Edited on October 1, 2011 at 4:23pm
danceswithvowels

Hey CJ! Didn't expect a tagteam of Law Talk and the High Energy Physics Advisory Panel (HEPAP) would delurk me on Ricochet, but there you are ...

danceswithvowels

So, thanks for bringing up this story, Troy. I didn't realize the Law Talk Faculty Lounge had copies of symmetry on the coffee table. :-) I do have to give you a quantum of grief, though, for using a picture of a CERN detector, not an FNAL detector. In fact, that's Atlas, and not CMS (Compact Muon Solenoid), the detector that was designed and largely made at Fermilab, and monitored in the Remote Operations Center here.

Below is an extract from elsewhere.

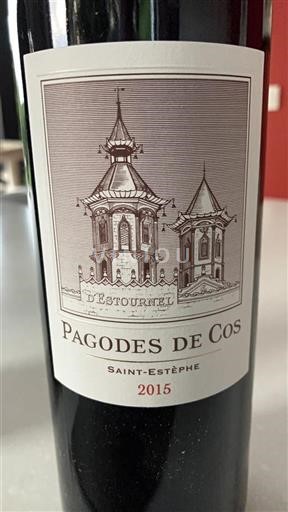 Burdeos Saint-Estèphe Château Cos Estournel Pagodes de Cos 2015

FWIW, I expect the Lab to have the video of the shutdown event and Pier Oddone's remarks about the prospects for the future up by early next week. They also have recordings of various lectures that may be of interest, like MIT's Richard Lindzen on The Peculiar Issue Of Global Warming (or warmening/coldening, as some of us call it).

danceswithvowels

David, I'm not a physicist (see below), but I was educated as a EE sometime back in the last millennium, and my opinion is that fusion is the technology of the future.

And always will be. :-) No matter what breakthroughs are made, commercial viability never gets any closer.

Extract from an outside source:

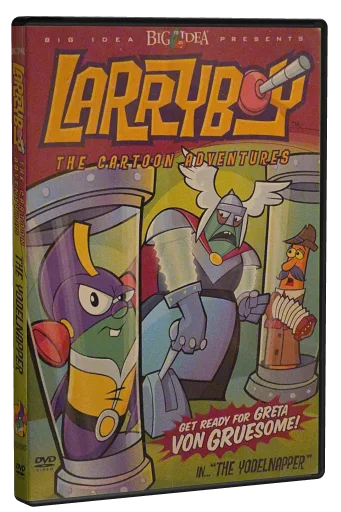 VeggieTales: Larryboy The Cartoon Adventures DVD, Big Idea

(Actually, the signature I used back in the 90's was "I'm not a real doofus, but I play one at a national laboratory". That wasn't a self-deprecating line, either. I was hired in '91 to set up the D-Zero File Server, AKA D0FS, pronounced doofus. I was the D0FS Manager. That system eventually topped out at 17 racks of DEC VAXes and Alphas, with an astounding 770 GB of disk space. You could fit that in your shirt pocket now. I don't do data wrangling anymore, but the tape robots have nearly 30 petabytes of data stored, and a sizable fraction of that is cached on disk.)